Even the most cautious person rarely digs deeper than surface level information when online. Busyness intensifies this issue, in some cases indifference is the root cause or occasionally a lack of personal culpability when buying something online for work is the concern: i.e., it’s the company’s money, not mine.

This approach is all well and good until the buyer falls victim to fraud or finds themself hauled into an urgent meeting because the 50-ton crane purchased online hasn’t arrived due to a seller’s sudden insolvency. Effective due diligence doesn’t just go away because you’re using a marketplace.

Accountability lies with everyone in this fragile ecosystem.

  1.     Marketplaces need to protect the trust they have earned by protecting buyers 
  2.     Sellers need to prove they are worthy of trust 
  3.     Buyers have a duty to question what’s in front of them

Buying and selling something online should be unemotional, binary; a case of “I trust this because it’s truthful, therefore I will spend my money.” 

Reality is different, and I feel if marketplaces are to thrive in the future, it’s ultimately the marketplace’s responsibility to deliver this certainty while catering to the emotional needs of how people buy. You could argue this is unfair, but buyers and sellers can only do so much.

 

Blue Ticking the Box 

 

What’s a marketplace to do then?

Third party reviews websites provide some social proof. Feedback systems work to an extent, but they tell buyers very little about the actual companies behind a username. Even if a marketplace invests heavily in user verification systems, that information is often kept behind closed doors, quickly outdated or incapable of scaling as a marketplace grows. 

Twitter has its ‘blue tick’, why isn’t there an equivalent for a marketplace?

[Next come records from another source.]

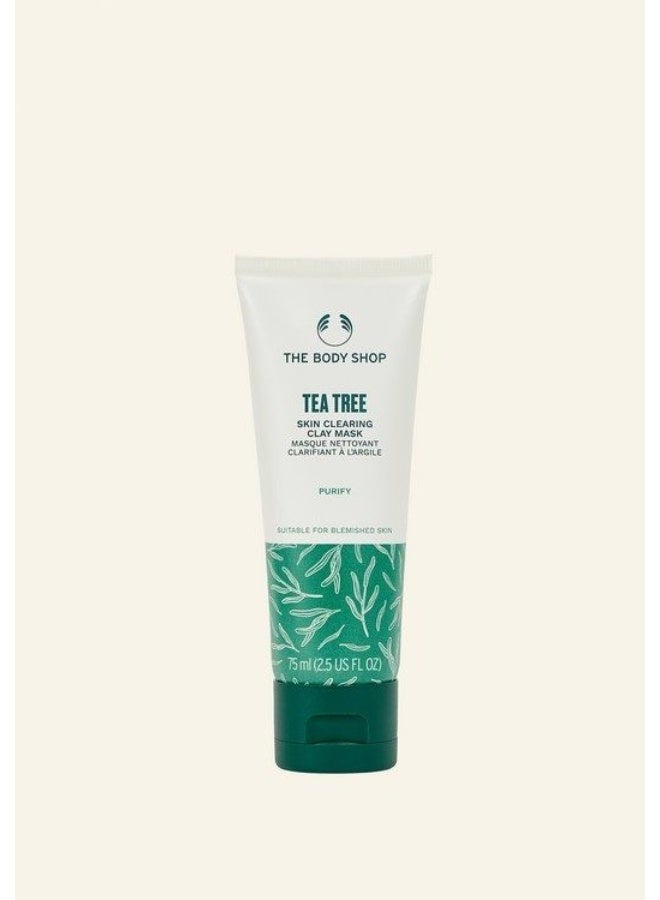 Tea Tree Skin Clearing Clay Mask – Purifying Face Mask with Salicylic Acid & Tea Tree Oil, Reduces Blemishes & Excess Oil, For Acne-Prone Skin, 97% Natural Origin, Vegan, 75ml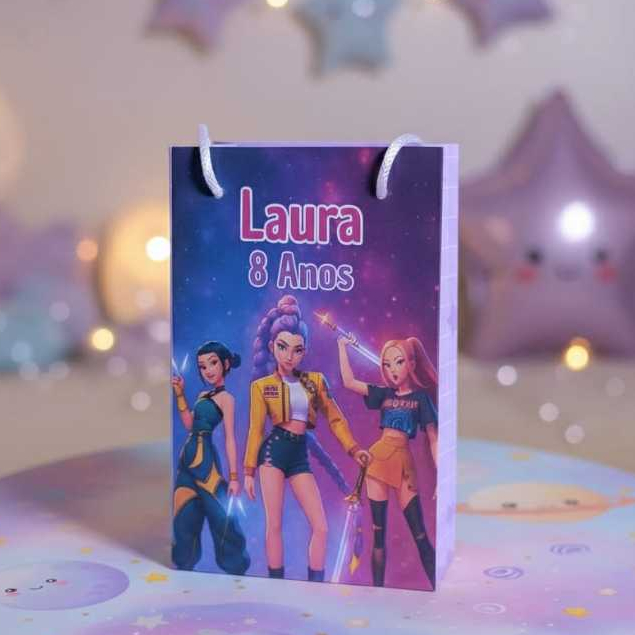 Sacolinha P GUERREIRAS DO K-POP Personalizada Sacolinha Lembrancinha Aniversário K-POP PEGUE E MONTE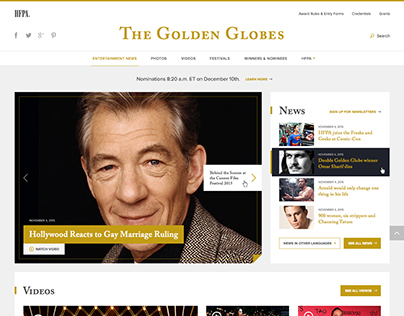 Golden Globes/HFPA website re-design comp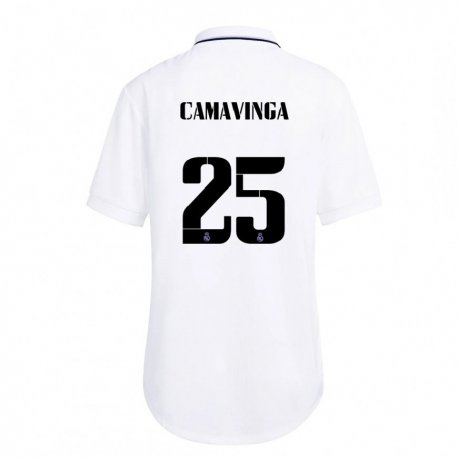 Kandiny Niño Camiseta Eduardo Camavinga #25 Blanco Púrpura 1ª Equipación 2022/23 La Camisa Chile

After all, when a buyer has doubts, they hesitate. A visual cue may be all they need. Sellers aren’t immune either. They want to trust the buyers coming to them are safe to trade with. This is a two-way street, and the marketplace should be the signpost at the crossroads.

In B2B scenarios, marketplaces facilitate millions of pounds worth of trade a day. Buying for a business may be easy as impulsively buying a pair of shoes nowadays, however the consequences if something goes awry are far severer.

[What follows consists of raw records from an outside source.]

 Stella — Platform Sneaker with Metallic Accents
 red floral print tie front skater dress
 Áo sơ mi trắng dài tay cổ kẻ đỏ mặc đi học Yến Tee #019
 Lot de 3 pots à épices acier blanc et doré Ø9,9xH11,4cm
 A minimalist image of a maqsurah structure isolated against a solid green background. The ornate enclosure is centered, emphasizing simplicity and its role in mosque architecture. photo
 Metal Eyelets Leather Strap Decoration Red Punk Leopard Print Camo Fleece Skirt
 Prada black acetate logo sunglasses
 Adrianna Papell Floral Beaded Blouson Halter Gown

If the purchase doesn’t arrive because the listing was fraudulent it can cause a project or supply chain to grind to a halt. That buyer most likely won’t ever return either, costing the marketplace a customer and the future revenue associated with them. 

The most important part of this equation is the information cultivating this trust, the data unpinning any visual cue. It’s why Twitter itself is redesigning its credibility mark – it has acknowledged that a simple tick is no longer enough in an era of misinformation. People want to know why. 

Customers want context and marketplace buyers in particular need accurate data to inform their decision-making before they press the buy button. This cannot, however, be provided in a way that overloads them with so much complexity that they end up immobilised mid-purchase.

Solving this conundrum is a priority for marketplaces. Technology is helping overcome the challenge, however this must be aligned with customers’ expectations. When carefully planned out and implemented in a way that meets the needs of buyers and sellers, marketplaces will be in a far stronger position to police their communities, protect reputation and convince customers that trust matters to them.

We have already reached a point where you can buy anything you want for the price you want in the way you want. The last competitive differentiator that remains is whether or not your marketplace can be trusted.